Animación. La banda musical que formaba parte de la delegación de Nahuizalco, interpretó música sacra durante todo el recorrido. Su participación se convirtió en uno de los principales atractivos. Foto: EDH

La tradición

No eran aún las 8:00 de la mañana del domingo cuando llegó la representación de Nahulingo. Se formaron frente a la entrada del templo. Una de sus miembros preparaba panes para que comieran antes de iniciar los actos.

El resto de delegaciones estaba en el lugar a las 9:30 de la mañana. Junto a jóvenes quinceañeros se apreciaban muchos hombres y mujeres de rostros arrugados, cabello blanco y pies cansados.

A las 10:00 hubo una misa en el templo Santa Lucía y luego la procesión recorrió las calles de la ciudad. Duró cerca de tres horas y todas las delegaciones cargaron por turnos las imágenes.

Muchos turistas preguntaban curiosos a qué se debía el ritual, mientras se apresuraban a sacar sus cámaras fotográficas.

Oswaldo Santillana, responsable de comunicaciones de la hermandad juayuense, piensa que fue un esfuerzo de muchos. Participaron delegaciones de Sonsonate, Sonzacate, Nahuizalco, Armenia, San José La Majada, Salcoatitán, San Antonio del Monte, Santa Catarina Masahuat y el templo El Calvario, de San Salvador.

Un recorrido entre devotos, curiosos y varios indiferentes

Mientras los movimientos católicos preparaban los adornos en las calles, miembros de la hermandad local organizaban el refrigerio de los asistentes. Parte del dinero necesario para ello les fue donado por el Comité Turístico de la ciudad.

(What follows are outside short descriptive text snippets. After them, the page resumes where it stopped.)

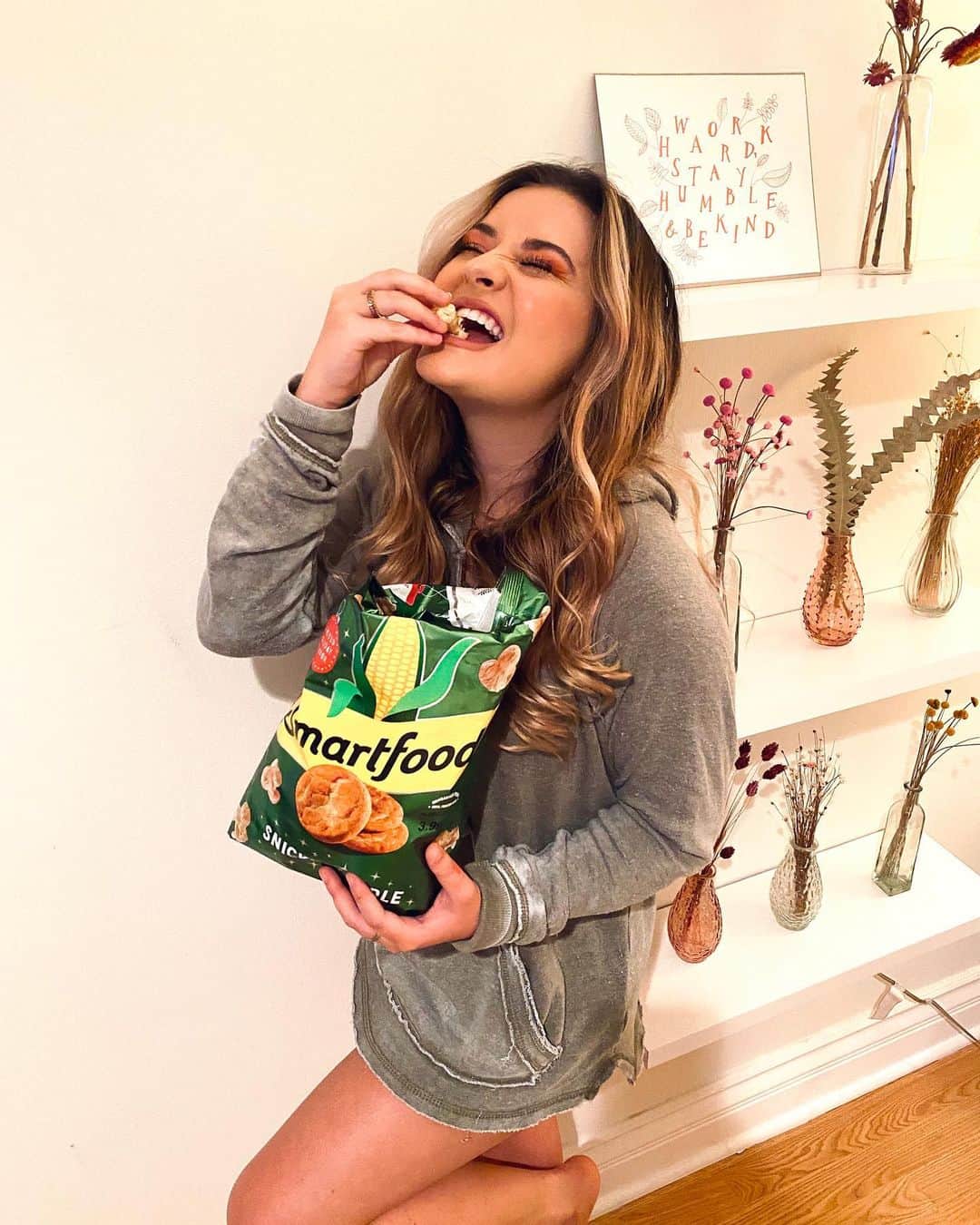 Brooke Marie Hylandのインスタグラム：「Snacking my way through the holiday season!! Loving @smartfoodpopcorn's new Snickerdoodle flavor 🎄 #ad」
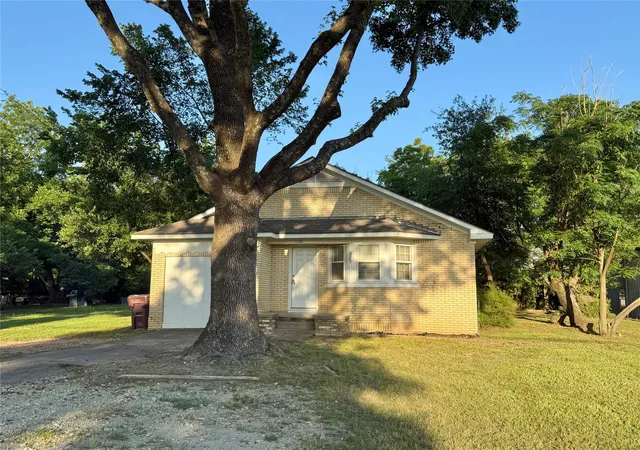 Single family home for sale at 1130 S Buffalo St, Canton, TX 75103 | MLS# 21286916
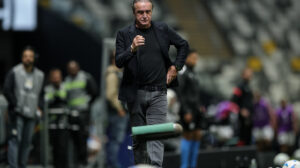 Cuca na vitória atleticana diante do Caracas (VEN) (foto: Pedro Souza / Atlético)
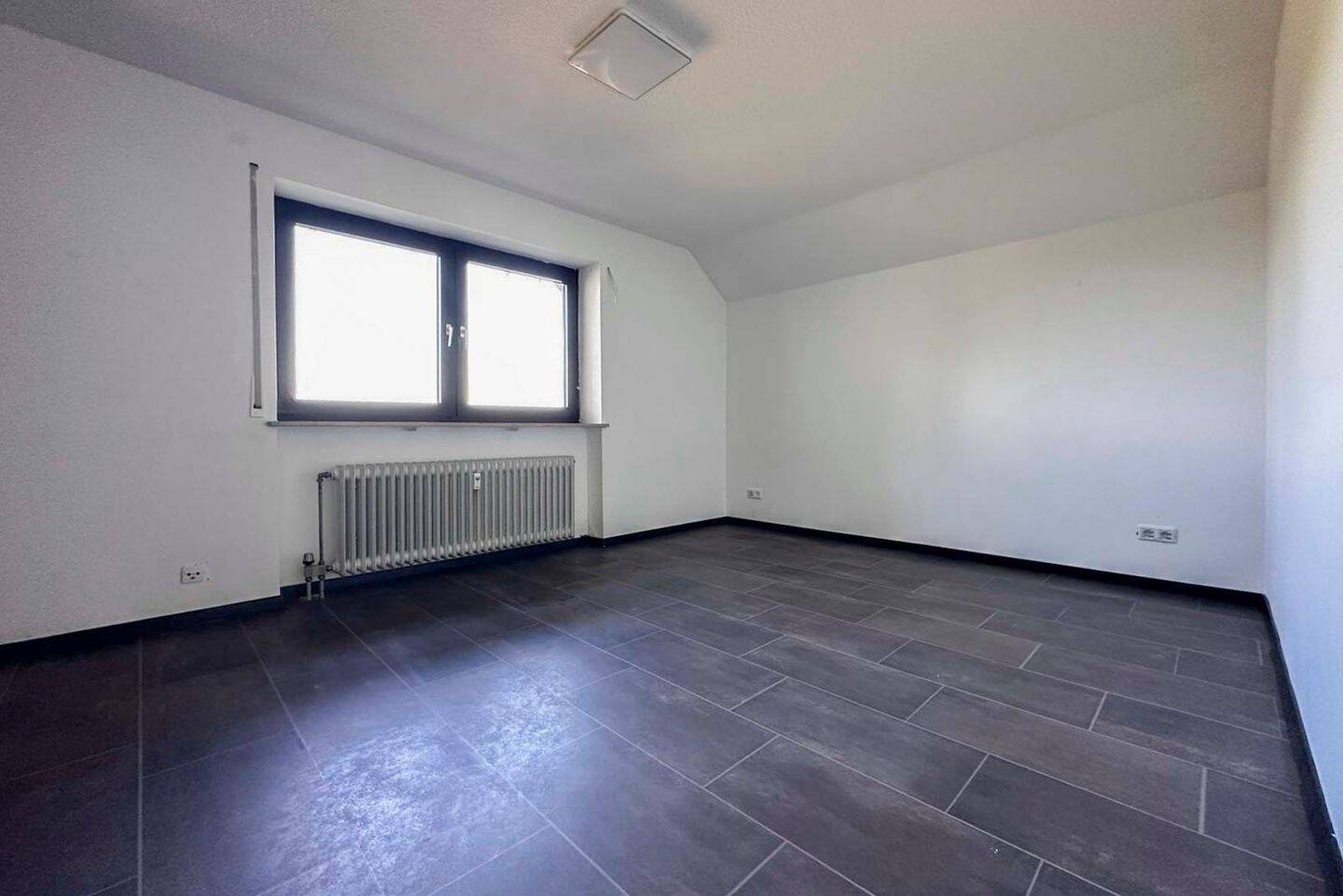 Großzügiges Zweifamilienhaus mit Traumgarten, Balkon, Wintergarten & Doppelgarage – Heßdorf – Vorschaubild 8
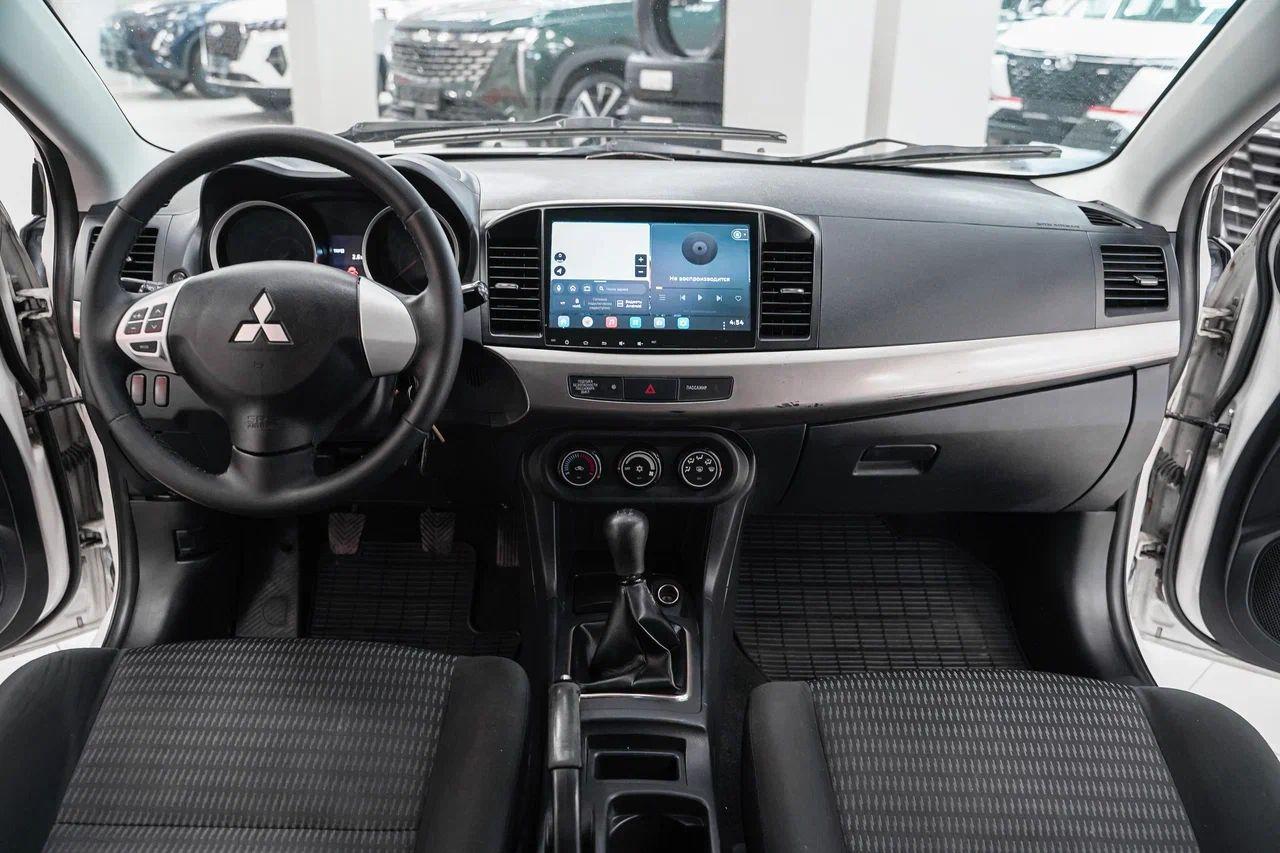 Mitsubishi Lancer 2013, белый, ДЦ Орехово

Entusiasmo. La avanzada edad y fatiga no impidieron que mujeres procedentes de distintos municipios llevaran en hombros la imagen de la Virgen Dolorosa. Foto: EDH

Primero la lluvia nocturna, después el viento en la mañana y al final la falta de educación de muchos, literalmente esparcieron por las calles el sacrificio de quienes hicieron las alfombras.

Frente al templo de Santa Lucía, cuando faltaba más de una hora para que saliera la procesión, ya no había alfombra. Peatones e incluso vehículos, se encargaron de destruirlas. “Parecen animales”, expresó disgustada una devota cuando la marcha iniciaba.

Fue posiblemente el único aspecto negativo. La espera terminó pasadas las 12 del mediodía. La banda de la hermandad de Nahuizalco empezó a interpretar música sacra anunciando el inicio de la procesión.

Centenares de vecinos ya ocupaban las calles entusiasmados.

Adán Estrada, presidente de la nueva directiva de los cargadores locales, piensa que la procesión permitió unir y conocer a muchos que creen en conservar las tradiciones.

Formales
Los estandartes de las hermandades asistentes, encabezaron la procesión del domingo en Juayúa.
Unidos
Miembros de las juntas de cargadores que asistieron, se dirigieron a los asistentes a la misa para agradecer su presencia en los actos.